Do you remember what inspired you to go to college?
Take a minute, think back, and see if you can recall the specific moment.
Maybe it was your first glimpse of a college campus near home.
Maybe a trusted teacher encouraged you to study a field you loved. Or maybe there is no one memory; maybe your path to college was made clear to you from your earliest days.
For too many promising low-income students, the aspiration and ability to attend college are not accompanied by the right guidance to get there and graduate. In America today, a student from an upper-income family is ten times more likely to earn a college degree than a student from a low-income household. We have many disparities in this country, but the scale of this disparity is truly striking in its magnitude. Moreover, with 65% of jobs requiring some kind of post-secondary education by 2020, the United States is locking hundreds of thousands of promising contributors out of the new economy.
Today, I was invited by former President Clinton to take the stage and commit, on behalf of College Possible, to eliminate this income-driven degree divide. In our 15 years of doing this work, we've learned that recent college graduates, acting as graduation coaches, offer an answer. They deliver hope, inspiration and personalized coaching to students. They help students prepare for the ACT, guide them toward colleges that fit their needs, prepare some more for the ACT and then dig in to financial aid and scholarship applications. Once students make it to colleges, coaches are at their side to support them through the social adjustment to campus life, to help them stay ahead of the continuous cycle of registration and financial aid paperwork and to offer a listening ear when they're feeling stressed, tired or like they don't belong.
Just imagine if there were thousands of these idealistic recent college graduates serving as coaches to low-income students, all across America. This is precisely what the folks at the 2016 Clinton Global Initiative America meeting threw their support behind today: efforts to build and catalyze a national network of coaches embedded on our country's college campuses. Leveraging their shared knowledge and using predictive data and analytics, coaches will know when and how to intervene with students in trouble. They will learn the unique dreams of each student and do whatever it takes to help make them real.
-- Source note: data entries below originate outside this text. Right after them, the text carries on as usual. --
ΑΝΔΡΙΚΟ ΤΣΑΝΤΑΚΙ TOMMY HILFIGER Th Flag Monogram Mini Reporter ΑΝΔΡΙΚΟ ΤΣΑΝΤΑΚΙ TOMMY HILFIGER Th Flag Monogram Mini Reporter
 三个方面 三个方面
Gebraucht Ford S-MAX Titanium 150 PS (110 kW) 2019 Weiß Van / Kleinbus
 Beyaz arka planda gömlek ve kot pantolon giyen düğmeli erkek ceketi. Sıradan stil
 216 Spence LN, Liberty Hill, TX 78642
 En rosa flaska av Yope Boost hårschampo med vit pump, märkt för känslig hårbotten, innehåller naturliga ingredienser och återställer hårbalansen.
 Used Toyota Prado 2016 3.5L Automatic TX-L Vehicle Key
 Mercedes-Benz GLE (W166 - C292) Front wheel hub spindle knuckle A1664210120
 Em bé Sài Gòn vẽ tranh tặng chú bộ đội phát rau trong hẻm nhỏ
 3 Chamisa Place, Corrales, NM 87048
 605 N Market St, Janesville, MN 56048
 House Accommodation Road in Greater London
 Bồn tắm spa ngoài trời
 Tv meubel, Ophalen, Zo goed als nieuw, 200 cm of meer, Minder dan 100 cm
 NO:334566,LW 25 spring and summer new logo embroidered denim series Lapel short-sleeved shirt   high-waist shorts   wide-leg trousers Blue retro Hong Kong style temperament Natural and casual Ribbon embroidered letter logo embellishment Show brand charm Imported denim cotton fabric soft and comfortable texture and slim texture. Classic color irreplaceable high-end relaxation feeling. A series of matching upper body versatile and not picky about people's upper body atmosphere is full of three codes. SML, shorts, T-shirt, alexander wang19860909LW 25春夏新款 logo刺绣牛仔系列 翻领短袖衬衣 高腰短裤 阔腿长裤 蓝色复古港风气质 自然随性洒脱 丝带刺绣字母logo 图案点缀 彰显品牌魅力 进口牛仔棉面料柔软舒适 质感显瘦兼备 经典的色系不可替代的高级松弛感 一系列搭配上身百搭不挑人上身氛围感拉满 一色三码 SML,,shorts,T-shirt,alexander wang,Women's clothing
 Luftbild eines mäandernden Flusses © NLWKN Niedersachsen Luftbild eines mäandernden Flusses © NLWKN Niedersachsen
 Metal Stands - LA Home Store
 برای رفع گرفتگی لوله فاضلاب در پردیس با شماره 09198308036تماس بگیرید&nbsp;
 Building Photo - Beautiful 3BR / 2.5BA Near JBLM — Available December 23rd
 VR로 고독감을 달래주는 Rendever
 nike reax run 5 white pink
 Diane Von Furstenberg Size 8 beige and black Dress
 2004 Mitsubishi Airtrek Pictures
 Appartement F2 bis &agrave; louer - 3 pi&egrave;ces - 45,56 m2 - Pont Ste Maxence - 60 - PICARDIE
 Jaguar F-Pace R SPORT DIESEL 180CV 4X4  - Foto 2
A conversation led by a former president is likely to shine a bright light on the degree divide. It's my great hope that this center-stage moment is only a beginning, one that will set in motion the changes needed to build a stronger graduating class--rich with economic diversity--to walk across America's commencement stages next spring and every year to come. I can imagine that these students, just moments from claiming their diplomas, will feel a lot like I do today. Nervous, thrilled and--above all--confident and supported in their vision for the future.